Наш декабрь был тихим и радостным. Мы шли по ледяной, освещенной блеклым светом фонарей улице, взявшись за руки, и молчали. Мы были очень счастливы тогда. Влюбленные, себялюбивые и дерзкие, как два хищника, вырвавшиеся на свободу.
Ночной Волоколамск казался самым прекрасным местом на земле. Я и Аллауди были бездомны в этот момент и совершенно свободны от всего. Где-то там далеко осталась звенящая и порочная Москва, проблемы, заботы, другие люди и другая жизнь. Но мы с ним были наконец-то счастливы и шли упрямо, шествовали к своей заветной цели – номеру в гостинице, который нам удалось отвоевать за сущие копейки.
Любовь жила с нами, семенила рядом, обнимала за плечи, склоняла наши головы друг к другу. Мы с любимым остановились, поддавшись внезапному порыву, обнялись крепко, не прикасаясь губами, щека к щеке, сердце к сердцу, и стояли так долго-долго, издалека напоминая мраморное, занесенное снегом изваяние.

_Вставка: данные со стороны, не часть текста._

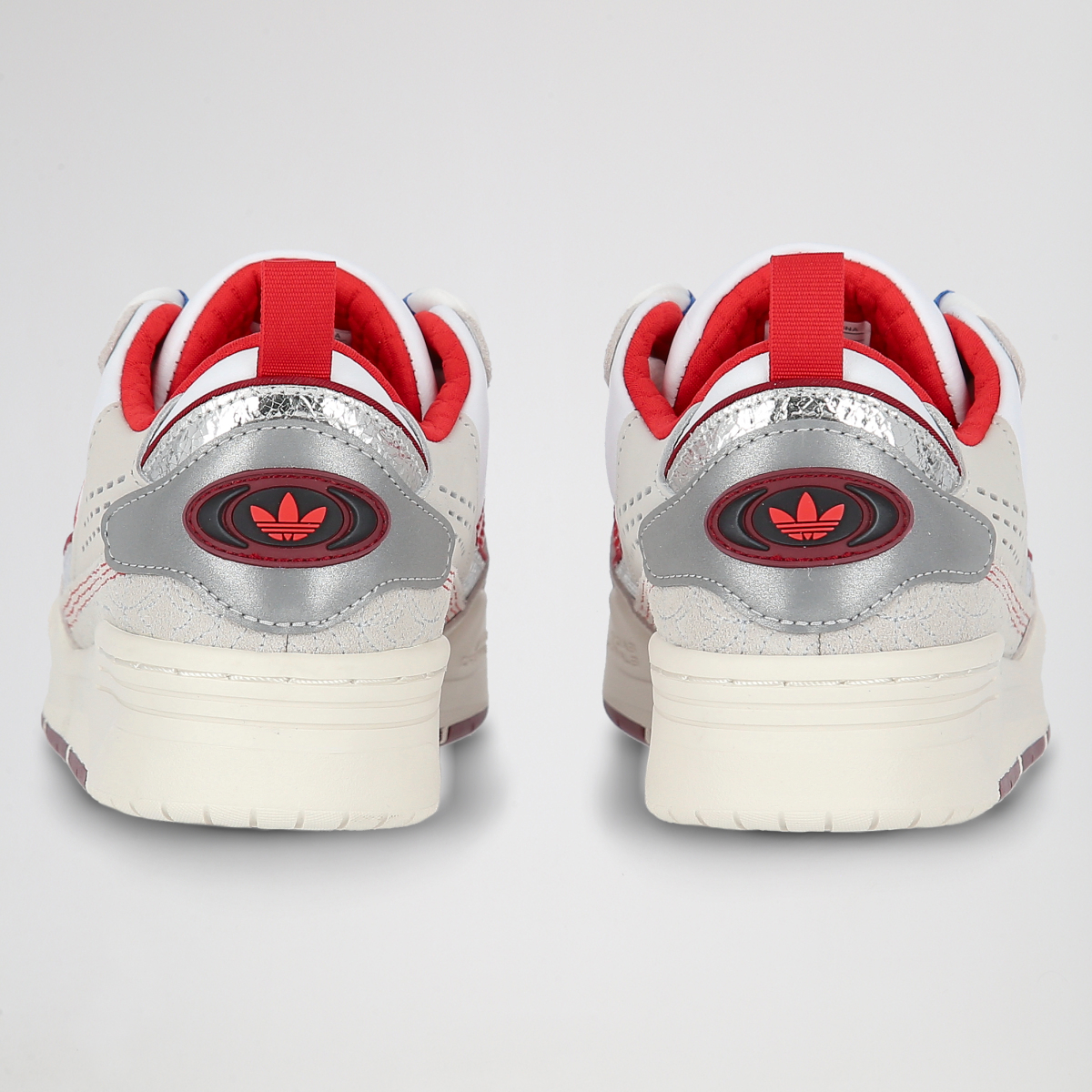 Zapatillas adidas Adi2000,  image number null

– Ты любишь меня? – спросила я лишь для того, чтобы нарушить тишину.
– Ты же знаешь, – спокойно ответил Аллауди и, помолчав, добавил: – И боюсь, что это со мной уже навсегда.
– Я знаю, – согласилась я. – Пошли, холодно стало, я замерзла.
Мы наконец-то добрались до теплой гостиницы, стряхнули снег с курток, скинули шапки. Сердитая консьержка не хотела пускать нас далеко за полночь, но Аллауди незаметно обаял ее своей улыбкой известного дамского угодника и сердцееда, украдкой вручил шоколадку и намекнул, что его жена, то есть я, беременна.